__Records for processing__:
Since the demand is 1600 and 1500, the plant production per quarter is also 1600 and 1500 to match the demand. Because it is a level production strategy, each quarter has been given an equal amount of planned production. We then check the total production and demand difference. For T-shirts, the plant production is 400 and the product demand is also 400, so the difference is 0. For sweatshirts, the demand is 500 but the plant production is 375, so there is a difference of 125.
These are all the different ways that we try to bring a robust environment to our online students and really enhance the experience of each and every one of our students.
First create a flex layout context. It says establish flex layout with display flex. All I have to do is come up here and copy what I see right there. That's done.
* * *
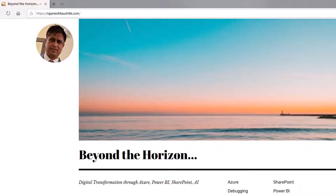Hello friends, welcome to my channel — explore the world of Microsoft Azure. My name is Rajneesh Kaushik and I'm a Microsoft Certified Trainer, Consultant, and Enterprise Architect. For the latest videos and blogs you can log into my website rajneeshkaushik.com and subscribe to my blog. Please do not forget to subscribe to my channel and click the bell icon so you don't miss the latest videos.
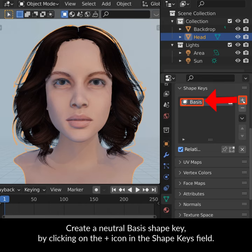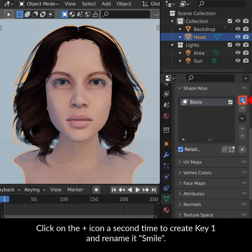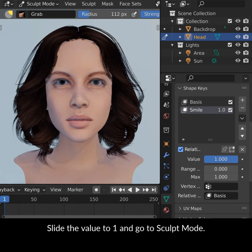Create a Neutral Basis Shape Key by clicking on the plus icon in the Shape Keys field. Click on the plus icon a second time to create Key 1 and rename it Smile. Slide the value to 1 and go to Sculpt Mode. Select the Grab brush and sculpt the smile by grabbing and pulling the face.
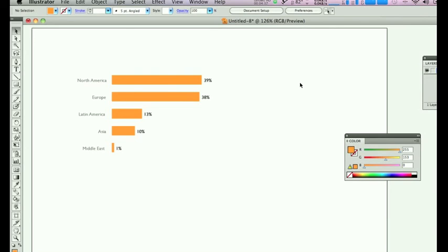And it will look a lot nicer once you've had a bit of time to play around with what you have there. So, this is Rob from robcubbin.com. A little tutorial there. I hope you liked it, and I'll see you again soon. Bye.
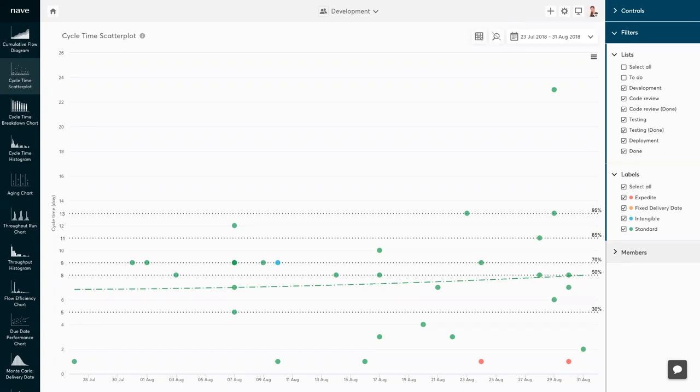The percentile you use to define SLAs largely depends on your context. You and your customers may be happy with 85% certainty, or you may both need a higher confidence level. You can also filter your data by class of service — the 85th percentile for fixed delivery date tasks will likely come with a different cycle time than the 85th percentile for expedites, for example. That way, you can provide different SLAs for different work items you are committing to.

__Goal of the exercise__: Nothing but the lines from the one with "Hello friends, welcome" to the one with "The percentile you" above, both included, should be transcribed, exactly and without pictures.

__Expected output__:
Hello friends, welcome to my channel — explore the world of Microsoft Azure. My name is Rajneesh Kaushik and I'm a Microsoft Certified Trainer, Consultant, and Enterprise Architect. For the latest videos and blogs you can log into my website rajneeshkaushik.com and subscribe to my blog. Please do not forget to subscribe to my channel and click the bell icon so you don't miss the latest videos.
Create a Neutral Basis Shape Key by clicking on the plus icon in the Shape Keys field. Click on the plus icon a second time to create Key 1 and rename it Smile. Slide the value to 1 and go to Sculpt Mode. Select the Grab brush and sculpt the smile by grabbing and pulling the face.
And it will look a lot nicer once you've had a bit of time to play around with what you have there. So, this is Rob from robcubbin.com. A little tutorial there. I hope you liked it, and I'll see you again soon. Bye.
The percentile you use to define SLAs largely depends on your context. You and your customers may be happy with 85% certainty, or you may both need a higher confidence level. You can also filter your data by class of service — the 85th percentile for fixed delivery date tasks will likely come with a different cycle time than the 85th percentile for expedites, for example. That way, you can provide different SLAs for different work items you are committing to.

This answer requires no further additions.